Single by Samantha Jade

from the album Nine
- Released: 26 February 2016
- Recorded: 2015
- Genre: Pop
- Length: 3:01
- Label: Sony
- Songwriters: Samantha Jade; Jon Levine; Carmen Reece;
- Producer: Jon Levine

Samantha Jade singles chronology
| "Shake That" (2015) | "Always" (2016) | "Hurt Anymore" (2016) |

Music video
- "Always" on YouTube

= Always (Samantha Jade song) =

"Always" is a song by Australian recording artist, Samantha Jade. The song was written by Samantha Jade, Jon Levine & Carmen Reece. It was released as the second single from Nine on 26 February 2016. The song's accompanying music video was released on 3 March 2016.
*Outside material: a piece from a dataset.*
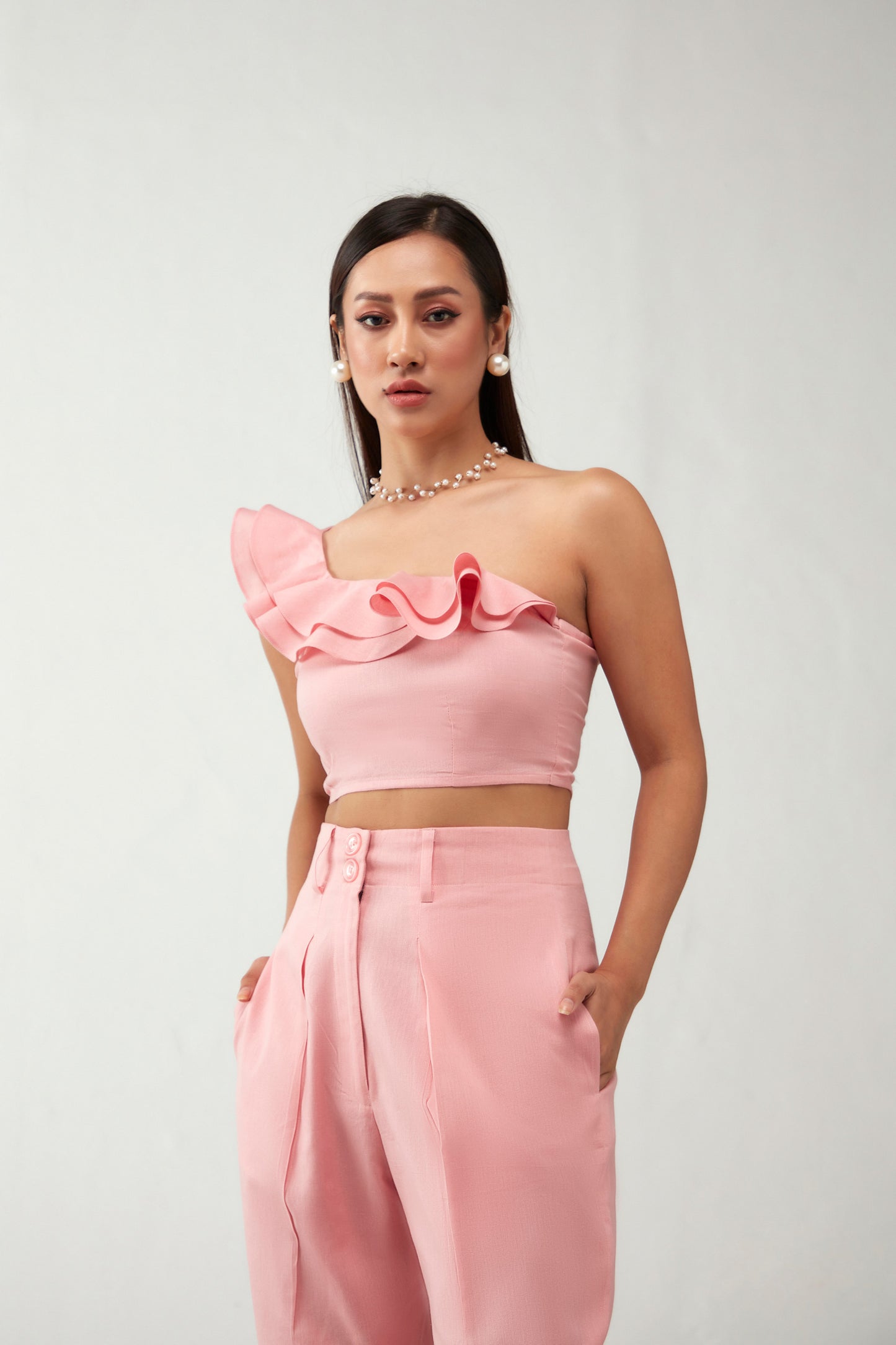 Pink One Shoulder ruffle Cotton Crop Top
==Background and release==
"Always" was the final track written for Nine. Jade describes it as being "about finding that person, your one, the one you keep falling in love with" and as one of the album's "very fun pop songs that make you feel like letting go and enjoying the good times".

The song was originally scheduled for release as a single on 6 November 2015. It was announced and released for pre-order on 6 October 2015, however Jade changed course and decided to give previous single "Shake That" a second promotional push and "give the album its moment as well."
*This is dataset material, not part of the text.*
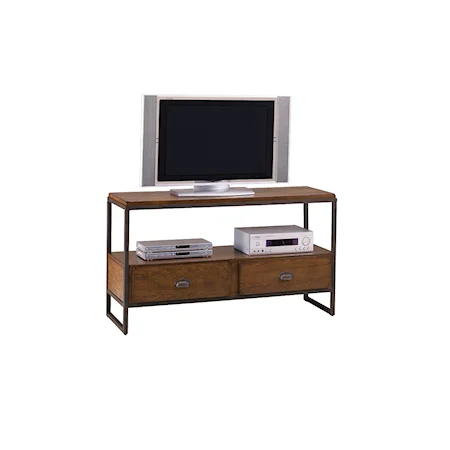 Entertainment Console with Distressed Woodwork and Metal Frame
On 10 February 2016, Jade re-announced "Always" as her next single, for release on 26 February 2016. On 14 February 2016, Jade launched an "Always" Valentine's Day promotion through Tweematic, an online "photo booth" where fans could take a picture with her to share on social media.

A "stream to unlock" promotion was unveiled on 17 February 2016, where a behind-the-scenes look at the music video would be unlocked after reaching a certain amount of streams on Spotify.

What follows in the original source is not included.